The Milwaukee Bucks may or may not have known this when they drafted him with the 10th pick back in 2009 NBA draft. He had a relatively good rookie season and was the only member of the Bucks to rack up over 1,200 points. However, he was also the only player to attempt over 1,000 shots from the field. Jennings has no problem getting shots off, but his scoring percentage needs to be improved as it was 37.9 per cent over his first two seasons with his three-point percentage at 35.2.
Jennings led the Bucks in field goal attempts and scoring per game this season, but statistics, at least scoring ones, don’t always tell the whole story. Jennings was below average when it came to wins produced in both of his seasons. Only 10 of the club’s wins over that time can be traced back to his play when you study the overall statistics.
The Bucks can make the playoffs with Jennings though, but need to get some luck in the injury department as well as more production from their guards.
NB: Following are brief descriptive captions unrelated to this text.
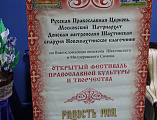 В рамках фестиваля православной культуры и творчества «Радость моя, Христос Воскресе!» прошел красочный галла-концерт
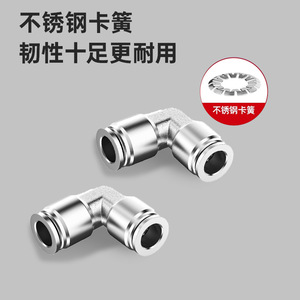 Li Guang Aerodynamics 304 Stainless Steel <b>Quick</b> <b>Connector</b> Pneumatic Air Coupler High Pressure Corrosion Resistant - Product Image 3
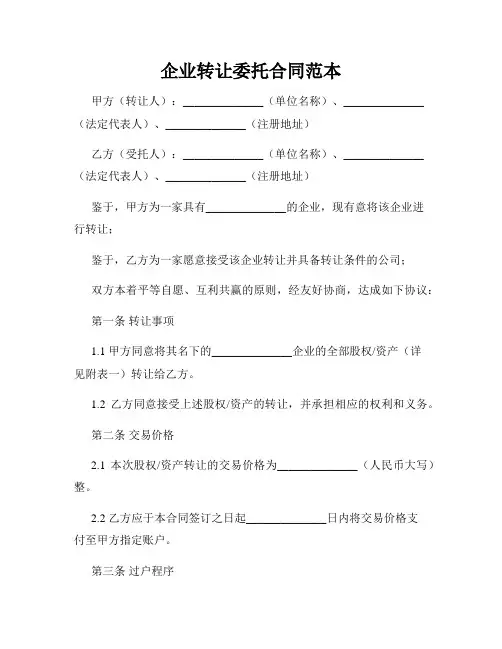 企业转让委托合同范本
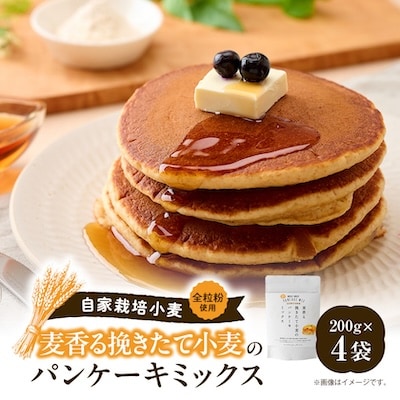 挽きたて小麦のパンケーキミックス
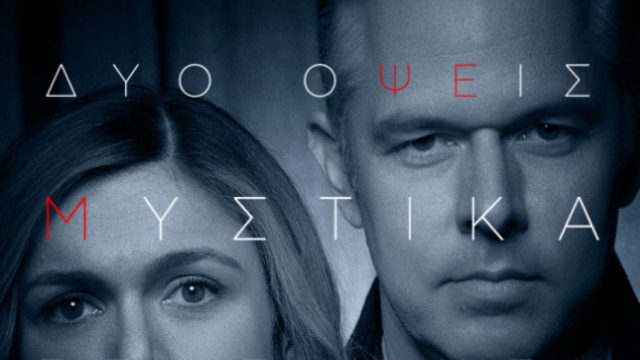 Ψέματα (3/6): Η Έλενα το τραβάει στα άκρα – Ερευνά το θάνατο της συζύγου του Ανδρέα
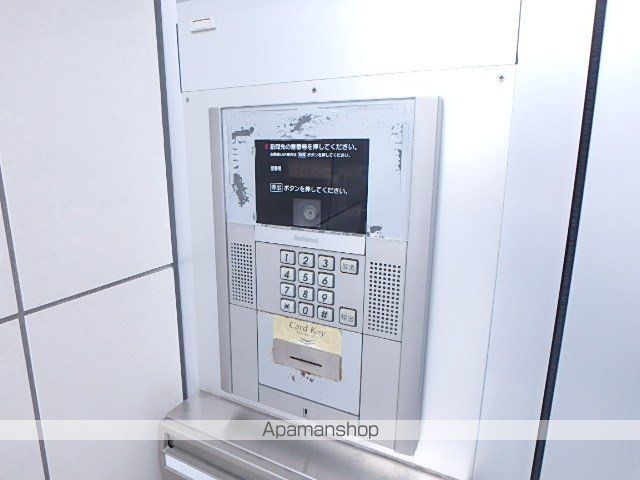 グランメール北17東14Aのその他写真
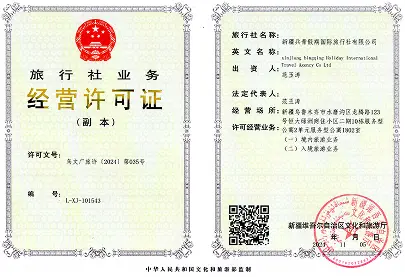 旅行社經營許可證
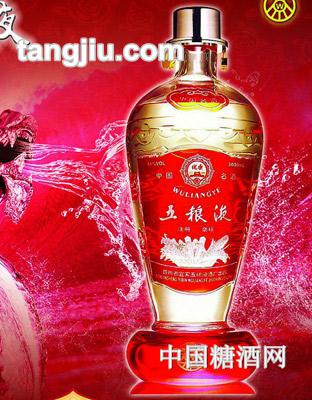 五粮液酒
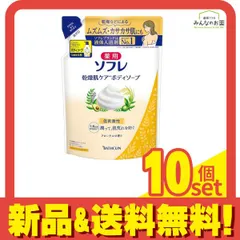 薬用ソフレ 乾燥肌ケアボディソープ 詰め替え用 400mL 10個セット まとめ売り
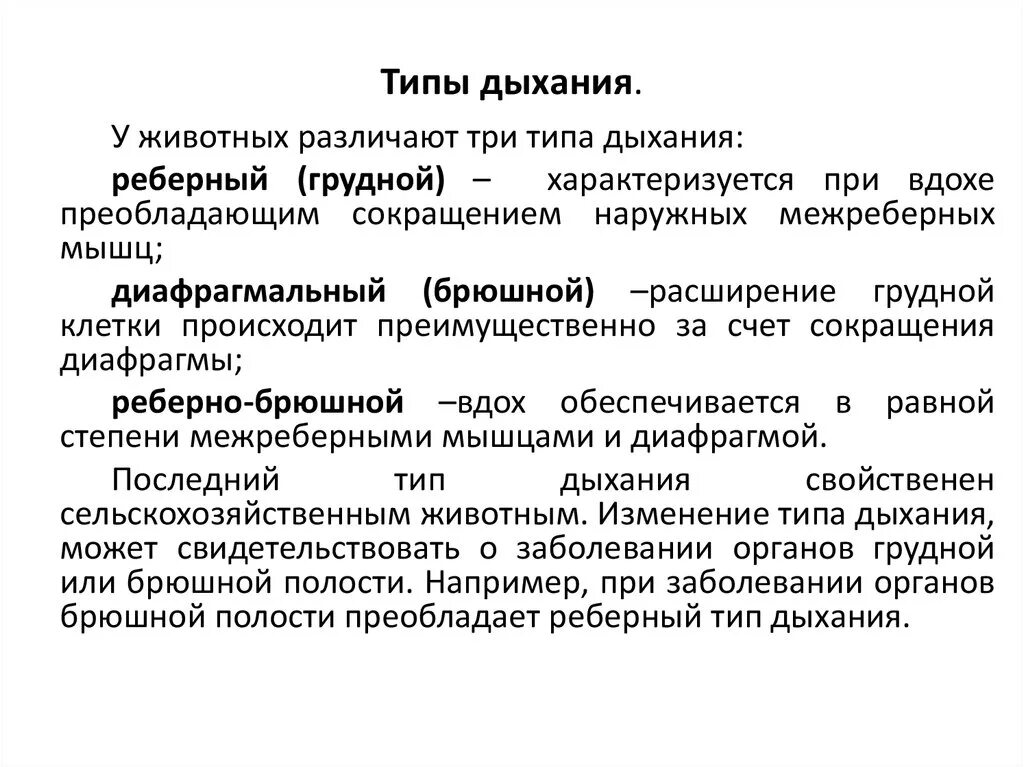 Грудной тип дыхания характерен для. Типы дыхания классификация. Реберный Тип дыхания. Типы и виды дыхания у детей. Характеристика типов дыхания.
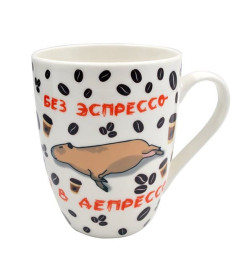 Кружка Lavenir "Без эспрессо" 340 мл к12-1412  фарфор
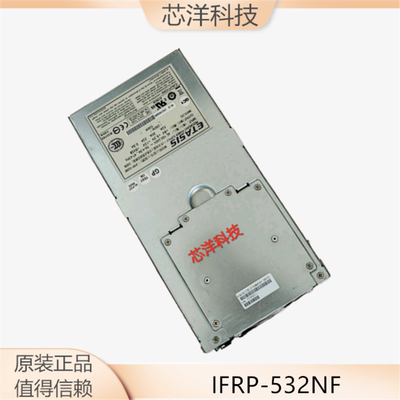 ETASIS电源IFRP-532NF模块
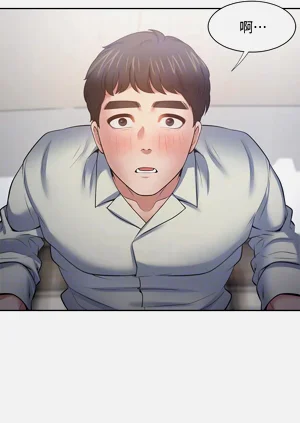 第350頁圖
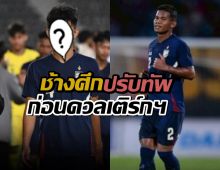 ศศลักษณ์ เดี้ยงขอถอนตัวช้างศึก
They don’t have anybody above average in the backckcourt and possess the worst offense in the NBA.
Of course, basketball’s a team game and as Jennings has reminded us, his teammates also need to shoulder some of the blame for the Bucks’ lack of success lately. For instance, Jennings’ assists per game fell to 5.1 this year from 6.3 last season. He’s still making the passes, but his teammates are failing to sink the baskets as their shooting percentage is also mediocre.
Jennings has always considered himself to be a pass-first type of guy, but he’s quite a long way from averaging anywhere near 10 assists per game. But that’s not really something he can fix by himself. His teammates do need to pick up their shooting percentage dramatically for Jennings to be effective.
His leadership qualities are also in question as is his penchant for speaking out against teammates when things aren’t going his way. Bucks’ coach Scott Skiles took responsibility for this year’s 35-47 record, but said the team lacks leadership in the locker room. He had mixed words when he spoke of Jennings’ in that regard.
“I would not assume that Brandon has any of those abilities yet…just because he has the ball in his hands all the time. It’s something we constantly talk about. It’s something he’s trying to work towards but it doesn’t come naturally to him so it’s definitely a work in progress.”
The team shouldn’t be relying on a 21-year-old to take them to the Promised Land just yet though, but Skiles bases his opinion on day-to-day dealings with his players in all aspects of the game, from practices, to road trips, to games, etc.
Jennings obviously has a lot of talent and doesn’t lack in confidence, but he should keep team matters private instead of airing them publicly in the future. While some experts feel it’s fine to speak your mind since it can motivate players others feels it alienates teammates. It’s a fine line and needs to be handled with care.
The Bucks lost some leadership when Jerry Stackhouse and Kurt Thomas left last season and it was obvious they thought Jennings and Andrew Bogut would step up and replace it, both and off the court. But things didn’t pan out that way.
Jennings still has a very bright future ahead of him and his teammates certainly do need to pick up the pace. It’s possible when he hits his peak, matures, and starts showing more leadership qualities, the Bucks will be able to consider him an important building block.